Toutes ces nations en quelque sorte tirées du sommeil se trouvent probablement confrontées à telle ou telle tâche, ingrate ou gratifiante, ce qui pour elles est extraordinairement bon. Je suis d'avis que peut-être on ne doit pas être trop ce que l'on est, qu'il vaut mieux ne pas trop regorger d'aptitude. Le problème du bon à rien couché sur une colline doucement bombée mérite peut-être un peu d'attention. De l’haleine régulière de la chanson des Nibelungen des héros se dressent, et je ne peux refuser mon estime au poème dont la genèse est singulière. 
Si je peux considérer comme un labyrinthe ce qui m'est venu là par science et inconscience, le lecteur en sortira maintenant tel un Thésée. »

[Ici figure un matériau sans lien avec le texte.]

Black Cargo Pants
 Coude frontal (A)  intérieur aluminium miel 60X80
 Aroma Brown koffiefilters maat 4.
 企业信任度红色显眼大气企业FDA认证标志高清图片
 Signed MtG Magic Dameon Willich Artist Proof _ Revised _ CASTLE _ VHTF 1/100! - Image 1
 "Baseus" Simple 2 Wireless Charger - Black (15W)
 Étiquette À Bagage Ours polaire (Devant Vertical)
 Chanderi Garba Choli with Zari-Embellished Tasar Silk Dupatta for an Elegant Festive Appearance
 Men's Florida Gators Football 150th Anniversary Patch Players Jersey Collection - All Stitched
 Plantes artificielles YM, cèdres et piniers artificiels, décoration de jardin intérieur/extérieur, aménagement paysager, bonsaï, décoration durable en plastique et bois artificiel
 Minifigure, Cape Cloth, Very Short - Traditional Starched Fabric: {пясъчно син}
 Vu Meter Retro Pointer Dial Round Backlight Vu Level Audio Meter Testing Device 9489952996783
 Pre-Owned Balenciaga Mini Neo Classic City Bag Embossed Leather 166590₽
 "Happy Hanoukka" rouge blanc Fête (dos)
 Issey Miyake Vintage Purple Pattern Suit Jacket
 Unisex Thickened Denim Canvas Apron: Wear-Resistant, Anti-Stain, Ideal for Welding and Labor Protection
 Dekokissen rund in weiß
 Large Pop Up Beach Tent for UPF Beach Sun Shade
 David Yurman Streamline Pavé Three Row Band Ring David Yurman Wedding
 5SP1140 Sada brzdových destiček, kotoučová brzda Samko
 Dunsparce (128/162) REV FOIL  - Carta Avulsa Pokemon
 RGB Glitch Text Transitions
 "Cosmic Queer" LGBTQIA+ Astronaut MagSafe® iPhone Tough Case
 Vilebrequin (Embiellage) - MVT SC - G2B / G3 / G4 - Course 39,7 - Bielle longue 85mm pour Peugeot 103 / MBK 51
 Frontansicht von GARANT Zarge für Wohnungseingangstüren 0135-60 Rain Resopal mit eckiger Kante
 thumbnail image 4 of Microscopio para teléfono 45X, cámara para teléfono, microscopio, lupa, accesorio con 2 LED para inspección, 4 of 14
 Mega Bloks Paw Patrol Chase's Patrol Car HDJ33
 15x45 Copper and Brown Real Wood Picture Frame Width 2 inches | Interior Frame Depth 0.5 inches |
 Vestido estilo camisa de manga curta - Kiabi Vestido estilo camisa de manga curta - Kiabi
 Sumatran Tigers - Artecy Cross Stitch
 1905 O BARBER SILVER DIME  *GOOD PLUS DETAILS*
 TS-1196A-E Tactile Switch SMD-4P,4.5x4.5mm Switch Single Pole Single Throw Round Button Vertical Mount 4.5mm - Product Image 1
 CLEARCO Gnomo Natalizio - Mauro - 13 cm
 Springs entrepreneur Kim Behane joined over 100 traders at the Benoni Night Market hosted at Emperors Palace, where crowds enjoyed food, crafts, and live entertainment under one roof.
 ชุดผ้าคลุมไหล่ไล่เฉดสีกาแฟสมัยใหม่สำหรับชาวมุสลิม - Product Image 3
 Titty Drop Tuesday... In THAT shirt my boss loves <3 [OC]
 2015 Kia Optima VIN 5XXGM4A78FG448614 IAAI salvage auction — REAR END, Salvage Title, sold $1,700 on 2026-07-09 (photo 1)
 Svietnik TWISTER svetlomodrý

(Variante.) « Pour moi il est maintenant intéressant, pour ce qui est de la forme à donner à ce que je veux faire, que je me trouve dans un labyrinthe où je soupçonne un crétin cornu, avec lequel j'aurai à me mesurer et donc je présume qu'il lui plaît de me prendre pour un idiot parce que je me suis risqué dans le dédale de ces couloirs »

Sinon une citation de Francis Bacon qui m'a fait penser au travail de Raphaëlle :
« J’aime voir les gens beaux, mais, en travaillant, on les fait souvent laids, parce que ça marche pas mieux dans le sens de la vie, mais dans le sens de l’esthétique, ça marche souvent mieux parce qu’il faut déformer la vie pour attraper la réalité. »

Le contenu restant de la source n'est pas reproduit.